• Exercise goal
Below are entries. Give back exactly the lines from the one containing "If you want" through the one containing "Father's Data Visualization.", inclusive, without the pictures.

• Task data
——————

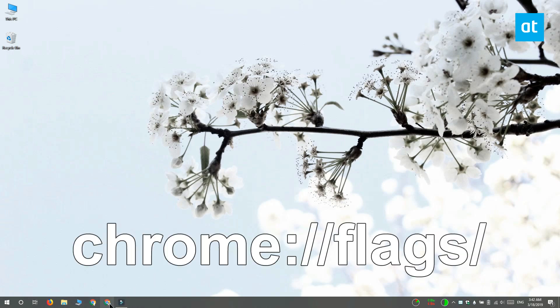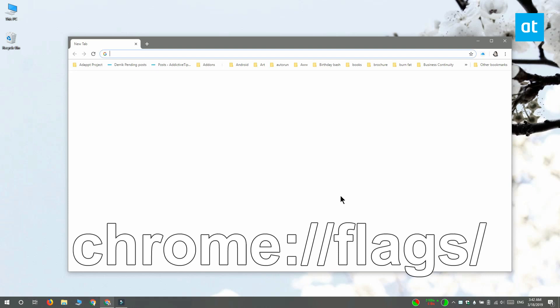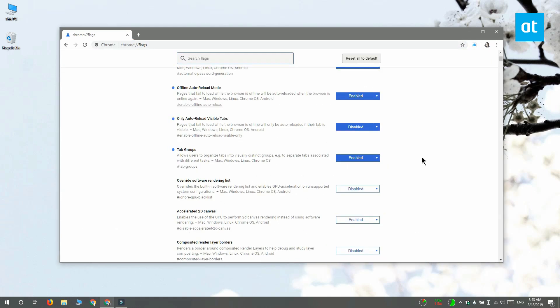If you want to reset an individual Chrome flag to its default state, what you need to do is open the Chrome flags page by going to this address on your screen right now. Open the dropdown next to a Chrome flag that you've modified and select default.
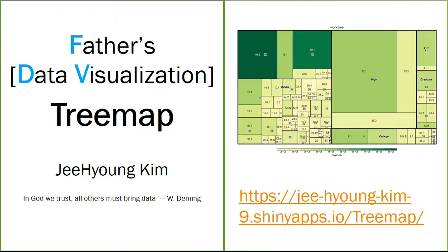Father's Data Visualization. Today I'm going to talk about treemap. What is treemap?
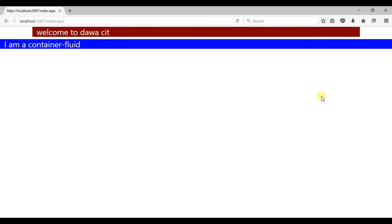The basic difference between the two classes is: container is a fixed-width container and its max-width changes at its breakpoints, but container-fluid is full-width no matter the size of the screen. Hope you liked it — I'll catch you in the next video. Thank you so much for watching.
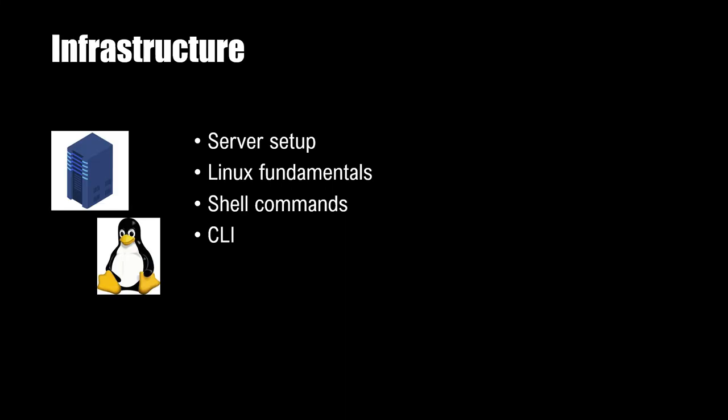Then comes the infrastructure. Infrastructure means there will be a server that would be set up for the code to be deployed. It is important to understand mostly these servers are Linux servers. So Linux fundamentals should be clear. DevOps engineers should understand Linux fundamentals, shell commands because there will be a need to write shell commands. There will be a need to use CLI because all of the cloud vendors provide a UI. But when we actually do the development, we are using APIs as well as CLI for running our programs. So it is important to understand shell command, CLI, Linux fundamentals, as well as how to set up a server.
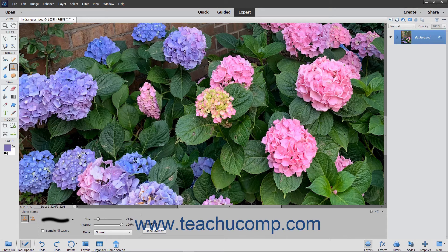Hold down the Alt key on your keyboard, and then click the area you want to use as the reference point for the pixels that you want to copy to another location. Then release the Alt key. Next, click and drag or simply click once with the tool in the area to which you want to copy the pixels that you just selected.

——————

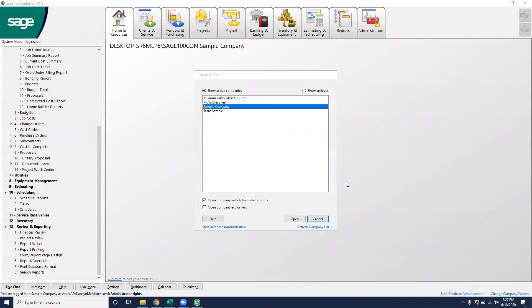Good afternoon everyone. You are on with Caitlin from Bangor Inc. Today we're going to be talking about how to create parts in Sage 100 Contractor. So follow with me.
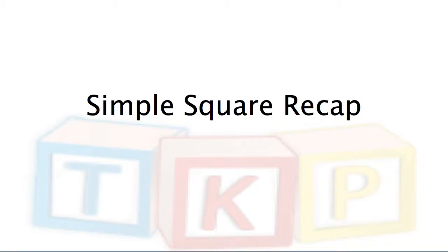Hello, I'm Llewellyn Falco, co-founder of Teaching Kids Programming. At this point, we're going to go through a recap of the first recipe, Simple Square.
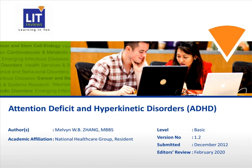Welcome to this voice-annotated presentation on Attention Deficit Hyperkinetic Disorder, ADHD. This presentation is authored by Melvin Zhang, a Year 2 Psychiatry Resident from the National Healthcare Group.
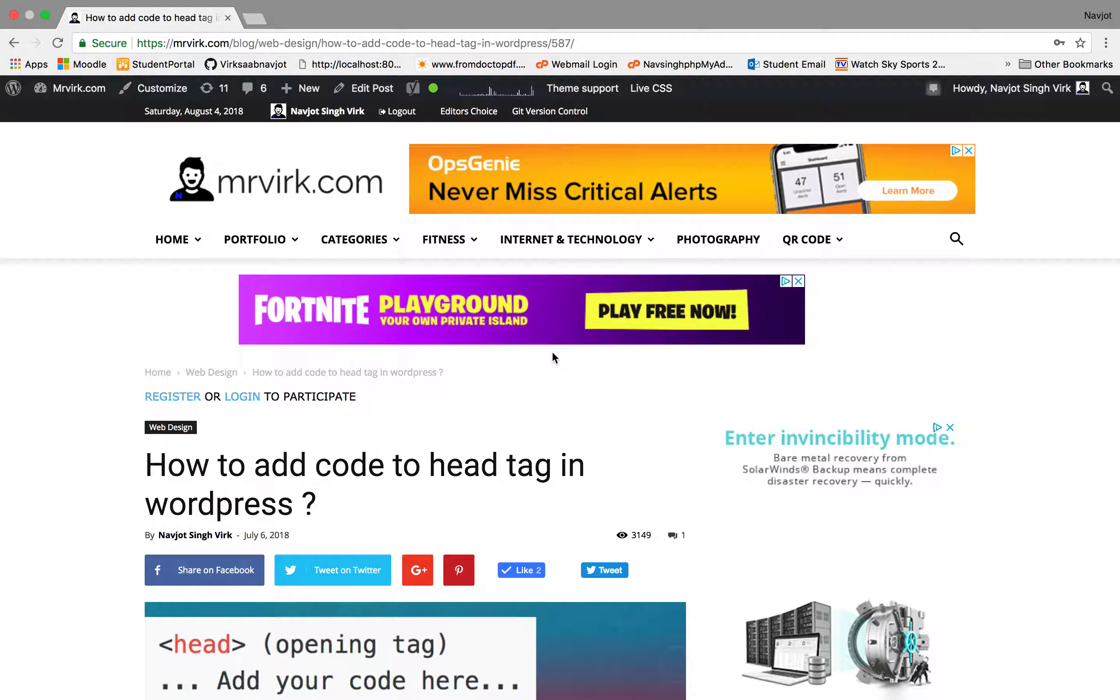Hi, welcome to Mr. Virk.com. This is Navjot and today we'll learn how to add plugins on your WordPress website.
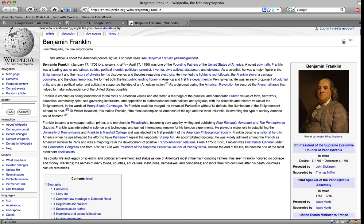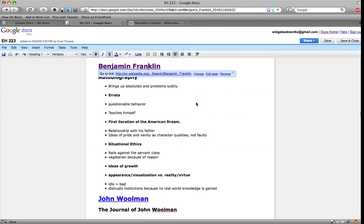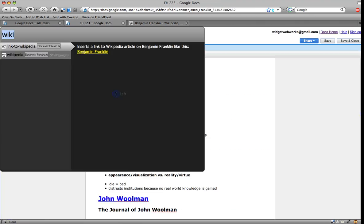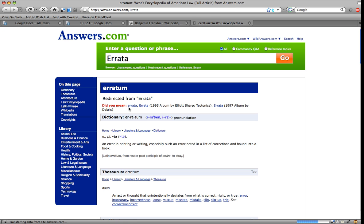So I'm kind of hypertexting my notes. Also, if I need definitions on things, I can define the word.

——————

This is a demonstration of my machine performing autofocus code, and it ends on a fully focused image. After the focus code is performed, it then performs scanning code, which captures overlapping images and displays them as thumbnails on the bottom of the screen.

——————

• Output
If you want to reset an individual Chrome flag to its default state, what you need to do is open the Chrome flags page by going to this address on your screen right now. Open the dropdown next to a Chrome flag that you've modified and select default.
Father's Data Visualization. Today I'm going to talk about treemap. What is treemap?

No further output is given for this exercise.